THE EXERCISES (deliver one at a time; the answer and notes are for you, the coach, only):

Exercise 1.
Ask: "In international relations, 'anarchy' means — (a) constant chaos and warfare (b) the absence of a world government with authority over sovereign states (c) the total absence of any international law (d) a state with no government of its own"
Correct answer: (b) the absence of a world government with authority over sovereign states.
If correct, mention: right — anarchy is a structural fact, not a description of constant violence; states under anarchy still cooperate constantly.
If incorrect, the key idea is: this term describes what's MISSING above states (a higher government), not how states behave day to day. Ask yourself: is this about the structure of the system, or about how violent it is?

Exercise 2.
Ask: "A scholar argues that states, as unitary self-interested actors under anarchy, rely on self-help and prioritize power and security. Which IR paradigm is this, and which theorists are most associated with it — (a) constructivism, Wendt (b) liberalism, Keohane and Doyle (c) realism, Morgenthau and Waltz (d) none of these are real IR paradigms"
Correct answer: (c) realism, Morgenthau and Waltz.
If correct, mention: exactly — self-help, power, and security under anarchy is realism's core claim, associated with Hans Morgenthau and Kenneth Waltz.
If incorrect, the key idea is: "self-help" and "power and security" are the signature vocabulary of one specific paradigm — the oldest of the three we studied. Ask yourself: which paradigm treats states as self-interested actors competing for security?

Exercise 3.
Ask: "TRUE or FALSE: Liberalism as an international-relations theory means the same thing as being politically liberal in U.S. party terms."
Correct answer: FALSE.
If correct, mention: right — liberal IR theory is about institutions, interdependence, and cooperation; it's fully separable from any domestic ideology or party label.
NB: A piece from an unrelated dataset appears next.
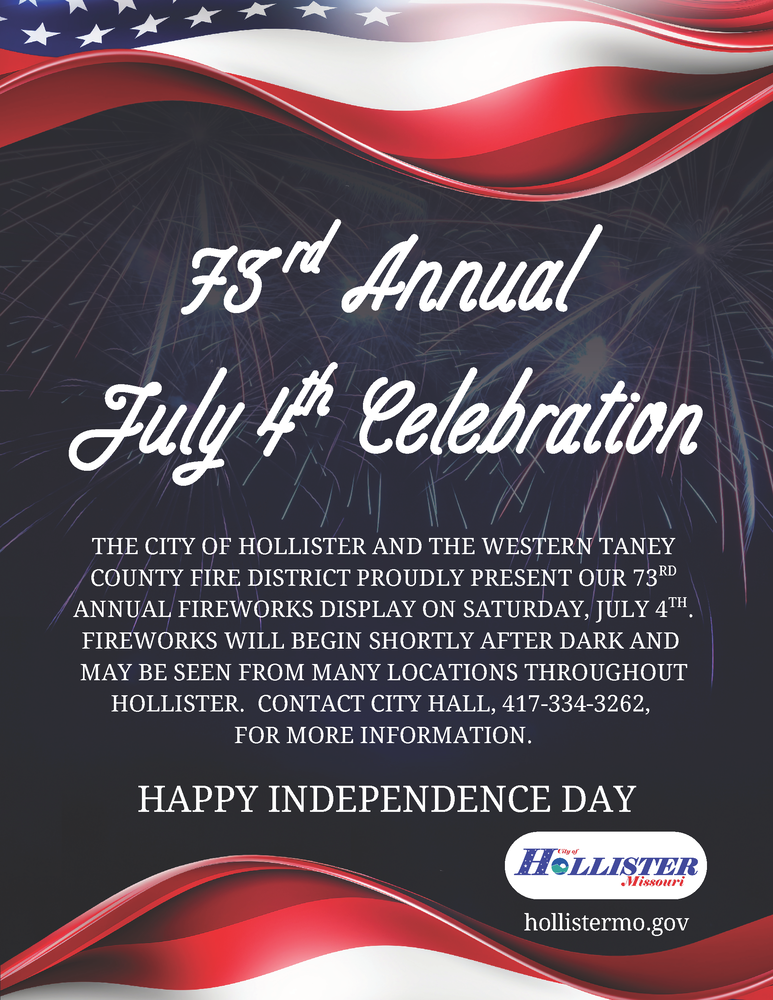 73rd Annual July 4th Fireworks Celebration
A political conservative can hold liberal IR views.
If incorrect, the key idea is: one word, three different meanings — ideology (Week 3), IR theory (this week), and U.S. party usage are NOT the same thing. Ask yourself: does the IR theory talk about elections and parties, or about institutions and interdependence between states?

Exercise 4.
Ask: "Which IR paradigm's core claim is captured by the idea that 'anarchy is what states make of it' — that anarchy's meaning is socially constructed through interaction, not fixed in advance? (a) realism (b) liberalism (c) constructivism (d) the democratic-peace finding"
Correct answer: (c) constructivism.
If correct, mention: yes — that's the title (nearly) of Alexander Wendt's influential 1992 article, and it's constructivism's central claim: what anarchy means to states depends on how they've interacted.
If incorrect, the key idea is: one paradigm says the MEANING of anarchy isn't fixed by structure alone — it's built through repeated interaction and shared ideas. Ask yourself: which paradigm emphasizes that ideas and identities, not just material power, shape behavior?

Exercise 5.
Ask: "Sort this claim: 'Established democracies have rarely if ever gone to war with one another.' Is this an uncontested law of nature, or a debated empirical research finding with critics?"
Correct answer: a debated empirical research finding with critics (the democratic-peace finding) — NOT an uncontested law, and it does not mean democracies never fight wars against non-democracies.
If correct, mention: exactly — the democratic peace is real, serious research, but its causal mechanism is genuinely debated and it applies specifically to wars BETWEEN democracies.
If incorrect, the key idea is: this is a real finding political scientists study seriously, but "rarely if ever" and "debated" are both doing work in that sentence. Ask yourself: does this claim sound like a settled law, or like a research finding scholars still argue about?

Exercise 6.
Ask: "The Melian Dialogue's line 'the strong do what they can and the weak suffer what they must' is spoken by whom, as Thucydides tells the story? (a) Thucydides himself, stating his own verdict (b) the Athenian envoys, in their argument to the Melians (c) the Melians, surrendering their city (d) a modern IR textbook, quoting no ancient source"
Correct answer: (b) the Athenian envoys, in their argument to the Melians.
If correct, mention: well caught — this is exactly the attribution trap chatbots fall into. Thucydides is DRAMATIZING the Athenians' argument; it's their position in the dialogue, not the historian's personal verdict.
If incorrect, the key idea is: the line appears inside a dialogue Thucydides wrote — someone in the story is saying it, and it isn't the narrator speaking in his own voice. Ask yourself: who's actually talking in this scene — the historian, or one side in the negotiation he's recounting?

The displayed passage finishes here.